Par contre, nos lecteurs amateurs de psychologie auront remarqué dans ce paragraphe de fortes connotations sexuelles. Bien sûr, nous ne connaissons rien de la vie du narrateur avant ces évènements mais nous pouvons supposer que son comportement avait été fortement perturbé par des agressions subies au cours de sa petite enfance, agressions que nous soupçonnons être de nature sexuelle. Imaginons ce pauvre enfant, seul face à la haine de sa famille et de ses camarades. Il ne dispose que de ses petits poings et de son silence pour se défendre contre ces violences répétées. Nous pensons que ce traumatisme est à l'origine de son départ vers les colonies : il voulait à la fois échapper au souvenir de ces actes odieux, tout en souhaitant inconsciemment les voir se reproduire, indirectement, au cours de cette opération dont il connaissait, ne l’oublions pas, tous les détails par avance, et notamment cette pénétration dans sa chair et ce dépôt de semence.

Je n'ai pas été clair ? Je recommence : pour lui, cette opération s'apparentait à un viol, un acte qui terrorisait son moi conscient mais qui attirait son moi inconscient. L'opération était pour lui un moyen de revivre cet instant honni, enfoui dans son subconscient, dont il ne comprenait pas les résurgences cycliques dans son conscient qui aurait dû se comporter comme un geôlier gardant la porte d'accès entre conscient et inconscient, en ne laissant filtrer que les souvenirs agréables et assurant ainsi à sa vie consciente un niveau de sûreté acceptable en empêchant la subconscience de submerger la conscience.

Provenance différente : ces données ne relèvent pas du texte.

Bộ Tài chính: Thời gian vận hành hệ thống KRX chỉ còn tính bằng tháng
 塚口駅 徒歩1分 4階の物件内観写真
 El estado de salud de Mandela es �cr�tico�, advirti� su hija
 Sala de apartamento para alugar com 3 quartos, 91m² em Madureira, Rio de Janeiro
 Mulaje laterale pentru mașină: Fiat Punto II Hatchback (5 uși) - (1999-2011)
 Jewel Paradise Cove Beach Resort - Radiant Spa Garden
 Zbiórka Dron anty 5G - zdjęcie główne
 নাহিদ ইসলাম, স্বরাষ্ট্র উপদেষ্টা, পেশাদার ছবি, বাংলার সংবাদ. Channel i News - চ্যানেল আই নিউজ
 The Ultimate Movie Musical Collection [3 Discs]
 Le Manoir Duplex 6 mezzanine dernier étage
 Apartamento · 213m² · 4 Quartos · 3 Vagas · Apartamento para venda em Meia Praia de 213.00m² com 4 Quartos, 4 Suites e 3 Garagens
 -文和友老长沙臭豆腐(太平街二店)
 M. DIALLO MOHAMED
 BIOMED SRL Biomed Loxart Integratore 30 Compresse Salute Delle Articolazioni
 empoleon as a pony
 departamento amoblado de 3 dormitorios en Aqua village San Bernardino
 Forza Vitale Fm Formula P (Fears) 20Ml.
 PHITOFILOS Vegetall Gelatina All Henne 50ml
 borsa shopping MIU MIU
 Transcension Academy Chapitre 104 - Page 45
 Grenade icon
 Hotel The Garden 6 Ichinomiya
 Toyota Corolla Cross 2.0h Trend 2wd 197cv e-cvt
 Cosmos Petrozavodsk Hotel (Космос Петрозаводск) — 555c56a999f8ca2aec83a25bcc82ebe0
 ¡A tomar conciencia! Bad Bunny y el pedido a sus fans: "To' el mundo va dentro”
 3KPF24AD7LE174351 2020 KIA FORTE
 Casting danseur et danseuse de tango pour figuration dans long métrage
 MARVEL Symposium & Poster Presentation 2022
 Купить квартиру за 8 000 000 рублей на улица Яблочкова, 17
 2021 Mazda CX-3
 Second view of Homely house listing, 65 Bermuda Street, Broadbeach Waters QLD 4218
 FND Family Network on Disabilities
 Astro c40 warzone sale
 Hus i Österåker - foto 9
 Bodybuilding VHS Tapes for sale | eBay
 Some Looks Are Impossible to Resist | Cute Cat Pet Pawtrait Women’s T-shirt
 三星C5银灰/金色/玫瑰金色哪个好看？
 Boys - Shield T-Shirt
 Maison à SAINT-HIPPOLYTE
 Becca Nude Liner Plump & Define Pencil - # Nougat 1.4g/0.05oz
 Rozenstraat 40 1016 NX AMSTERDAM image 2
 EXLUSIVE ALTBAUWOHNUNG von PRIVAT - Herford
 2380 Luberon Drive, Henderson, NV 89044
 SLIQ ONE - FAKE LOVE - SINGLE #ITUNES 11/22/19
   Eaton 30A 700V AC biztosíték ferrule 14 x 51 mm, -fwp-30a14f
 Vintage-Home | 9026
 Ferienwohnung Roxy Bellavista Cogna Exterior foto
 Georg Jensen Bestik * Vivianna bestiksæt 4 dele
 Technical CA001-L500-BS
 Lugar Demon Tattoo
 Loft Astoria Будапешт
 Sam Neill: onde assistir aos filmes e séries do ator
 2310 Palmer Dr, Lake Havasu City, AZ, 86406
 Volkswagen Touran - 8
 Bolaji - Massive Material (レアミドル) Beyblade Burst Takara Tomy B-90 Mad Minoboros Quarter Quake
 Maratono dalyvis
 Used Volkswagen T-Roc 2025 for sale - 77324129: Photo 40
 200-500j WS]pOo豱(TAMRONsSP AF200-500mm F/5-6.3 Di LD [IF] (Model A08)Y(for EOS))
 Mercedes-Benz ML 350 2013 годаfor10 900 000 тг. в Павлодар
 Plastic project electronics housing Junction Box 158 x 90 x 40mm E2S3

Il s'agissait en définitive d'une lutte entre le moi effectif et le moi affectif.

Ce n'est toujours pas clair ? Je recommence : ....

Note de l'éditeur : cette explication se poursuivant sur cinquante pages, il ne restait plus assez de place dans la revue pour publier l'intégralité de la traduction du texte ancien. A notre grand regret, et j'espère que notre collaborateur nous pardonnera cette infidélité, nous avons dû éliminer une partie de sa démonstration.

Note 2 de l'éditeur : d'ailleurs, l'explication donnée à la cinquantième page n'est pas plus claire qu'à la première page. Remarque à l'attention de l'imprimeur : ceci est une note personnelle qui ne doit pas être imprimée. Merci.

Note de l'imprimeur : désolé, je ne peux pas.

Note 2 de l'imprimeur : je lui ai dit cent fois à cet abruti d'éditeur que l'impression par transmutation ferro-hydrolytique ne permet pas de supprimer les notes personnelles.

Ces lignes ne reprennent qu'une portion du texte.